Glad to meet you too Kristy.

The illustrations in the blog represent the successful influence of powerful corporate entities like the Gates Foundation to shape education policies that standardize, homogenize and corporatize public education.

You are aware there is a war on public education taking place right now?

Some of the leaders of this war are affiliated with the College Board, who participated in the writing of the NCCAS. The College Board has much to gain financially from national adoption of the CCSS and the NCCAS.

They are currently marketing curriculum and assessment content and ancillary materials in a collaborative venture with Pearson in tested subjects: http://www.huffingtonpost.com/alan-singer/pearson-education-profits_b_29... .

The CCSS is an effort to nationalize curriculum and assessment.
The NCCAS is an effort to nationalize fine arts curriculum and assessment. Would that be an accurate statement?

Why are we prescribing content that needs to be mastered by every child in every grade level with NO deviation, throughout the country?

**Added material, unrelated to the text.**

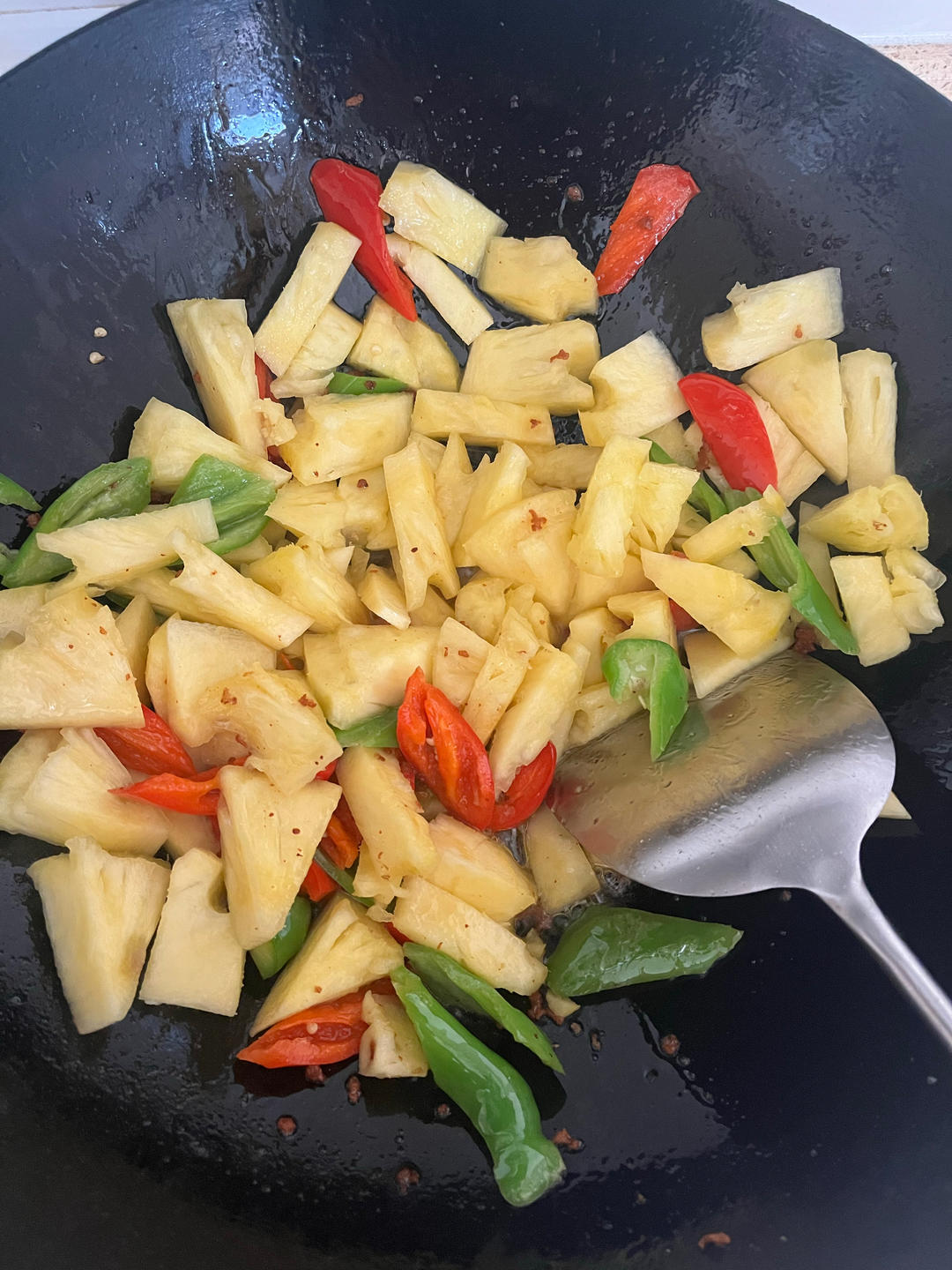 🍍酸甜菠萝咕噜肉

I have observed in my 30 plus years of teaching, that when static content is foisted upon children without their consent, for significant numbers of children, that content has no meaning, particularly if they have interests and passions in other areas.

So what Mr. Palmirini is telling us is that now that we have the NCCAS, administrators will have no problem identifying what the children should know.

How do the NCCAS take into account the vast diversity of intellectual and psycho-emotional conditions that exist within the minds of children who attend our Nation's schools.